They can do the same thing all over again.
I love God so because He does vindicate His own. I don't wish ill will on them; I just know my God's track record.
And when they do me wrong, God always vindicates me.
And I won't realize it. I'd gone on bout my business and one day God would allow me to see vengeance on those who hurt me.
Not that I am sitting waiting for it to happen. It just does. Reaping and sowing. Karma. Call it what you want...
I just am thankful for a just God!
To the originator of this thread...I believe God will let you know when you have forgiven that person.
We all have our barometers we try to gauge when we have forgiven those who wronged us. But that barometer doesn't belong to us....it belongs to God!
And so does vengeance....
Relax, love God, and ask Him to heal you.

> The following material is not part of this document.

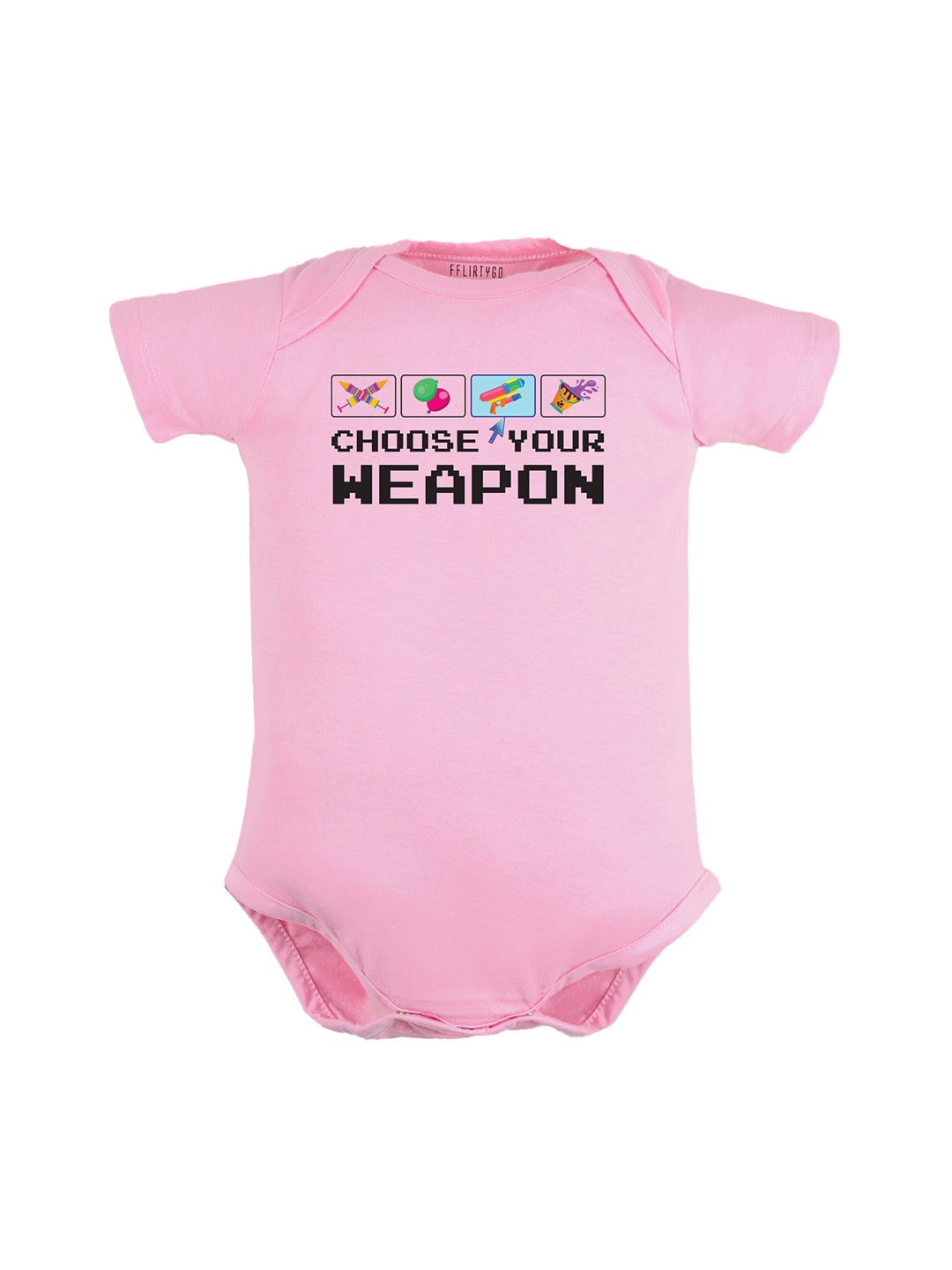 FFLIRTYGO Infants Typography Printed Pure Cotton Bodysuit, Pink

In time, in due season, God rights all wrongs....I have seen it done time and time again....He is faithful like that...
Sis Wenona
simplyme
12-23-2007, 10:33 PM
I don't wish them ill will, I just don't wish to associate with them. My mom has always been a harsh woman called me stupid and ugly and fat when I was young, beat me with belts, and her fists. I am glad she is a Christian now, I am glad she has the Lord to lean on just like I lean on Him.
However I have no desire to have mother daughter relationship with her. I am respectful to her, I call her and check on her, I pray for her, I just do not wnat to get close because of how she treated me. She is still harsh with me at times. Only differance is she knows that now I will just leave, I have someplace else to go. Even when when she is harsh I am still respectful. As soon as I can i go pray and then I call my husband cause he has the ability to sooth my wounds. My brother is just like my mom, he is so sharp with his tongue, and has no idea that his harshness causes hurt feelings.
When he comes down I just keep my distance.
So, with all I have been told I know in my heart that I have forgiven. Just common sense not to want to be around someone that is hurtful.
Thank you all for your comments.
Wow I can relate! Glad to know I'm not the only one with this type dilemna (bolded above) and I know how hard it is; but there is not much we can do to change ANYone, we can change only our reactions and that in itself is quite a challenge. It can take a lifetime of trying.
Good morning, Christmas is tomorrow and I have come a long way in how i feel. I still do not want to put myself in the path of anyone who cannot be kind so I still keep an emotional and physical distance.
To Big-Larry-
I did buy mom and my dad a gift last year, with Christian love I gave it to them and expected nothing in return. I did it because they are my parents.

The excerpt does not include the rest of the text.